Je m'interroge cependant sur le risque d'empilement avec les dispositions déjà existantes. Comme je l'ai indiqué précédemment, divers programmes s'occupent d'ores et déjà du microcrédit, JASMINE, JEREMIE, CIP, FSE. Il eut été utile, à l'heure où la Commission affecte 100 millions d'euros à ce nouvel instrument, de procéder parallèlement à un regroupement des différents guichets existants afin de renforcer la visibilité et la lisibilité de l'action communautaire en la matière. Un guichet unique contribuerait à renforcer l'efficacité du dispositif, tant les institutions de microfinancement peuvent apparaître à l'heure actuelle perdues devant cette multiplicité de possibilités d'aide. Le voeu pieux exprimé par la Commission dans son projet de garantir une complémentarité avec les instruments existants n'apparaît pas, à cet égard, susceptible de dissiper tout risque de flou et, par conséquent, de non utilisation des crédits accordés. Par ailleurs, il convient de s'interroger sur les modalités de répartition de ces 100 millions d'euros dans l'ensemble de l'Union européenne. Aucun critère d'éligibilité des projets n'est en effet mis en avant au sein du projet de la Commission. Il conviendrait que l'aide apportée par l'outil soit accordée équitablement et concerne également les pays où le microcrédit n'en est qu'à ses balbutiements.
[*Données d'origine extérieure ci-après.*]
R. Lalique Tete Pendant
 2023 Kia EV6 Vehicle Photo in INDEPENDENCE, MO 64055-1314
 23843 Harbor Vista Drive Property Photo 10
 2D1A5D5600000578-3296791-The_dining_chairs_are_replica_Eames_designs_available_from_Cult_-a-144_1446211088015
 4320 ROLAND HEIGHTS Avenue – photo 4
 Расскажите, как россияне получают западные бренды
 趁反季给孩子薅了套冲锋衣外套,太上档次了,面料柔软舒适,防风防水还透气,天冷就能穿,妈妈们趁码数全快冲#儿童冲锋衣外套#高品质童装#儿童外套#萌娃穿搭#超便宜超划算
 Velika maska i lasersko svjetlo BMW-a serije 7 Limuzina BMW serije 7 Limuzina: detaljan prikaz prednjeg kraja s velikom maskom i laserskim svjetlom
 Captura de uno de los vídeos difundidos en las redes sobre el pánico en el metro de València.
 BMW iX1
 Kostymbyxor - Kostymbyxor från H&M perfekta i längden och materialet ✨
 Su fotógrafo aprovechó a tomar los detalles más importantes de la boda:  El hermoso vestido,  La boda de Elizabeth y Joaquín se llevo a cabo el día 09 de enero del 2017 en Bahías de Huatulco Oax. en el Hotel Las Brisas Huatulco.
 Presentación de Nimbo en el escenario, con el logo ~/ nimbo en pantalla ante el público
Ce projet constitue une invitation à aller plus loin

S'il répond à une réelle ambition en faveur du microcrédit qu'il convient de saluer, l'instrument Progress ne lève pas, malheureusement, tous les obstacles pesant encore sur l'action des institutions micro-financières. Comme la Commission l'a elle-même souligné dans sa communication de novembre 2007, l'environnement juridique et institutionnel dans lequel s'inscrivent ces institutions ne permet pas de prendre en compte leur spécificité. Les normes en matière de plafonnement des taux d'intérêt devraient ainsi, aux yeux de la Commission, être révisées en vue de permettre aux établissements prêteurs de couvrir leurs coûts. Or, de telles dispositions relèvent de la responsabilité des États membres.

Il serait parallèlement utile que la Commission révise en un sens favorable au microcrédit sa législation sur les fonds propres réglementaires adoptée en 2006, je veux parler de la directive 2006/48/CE concernant l'accès à l'activité des établissements de crédit et son exercice et de la directive 2006/49/CE sur l'adéquation des fonds propres des entreprises d'investissement et des établissements de crédit. Celles-ci reprennent les règles édictées par le comité de Bâle sur le contrôle bancaire. Les principes complexes de Bâle II fragilisent l'octroi de crédits aux micro-entreprises, dont la spécificité n'est pas assez soulignée dans les modèles d'évaluation des risques.

M. Jacques Blanc. - Où doit s'adresser une entreprise souhaitant se voir accorder un microcrédit ?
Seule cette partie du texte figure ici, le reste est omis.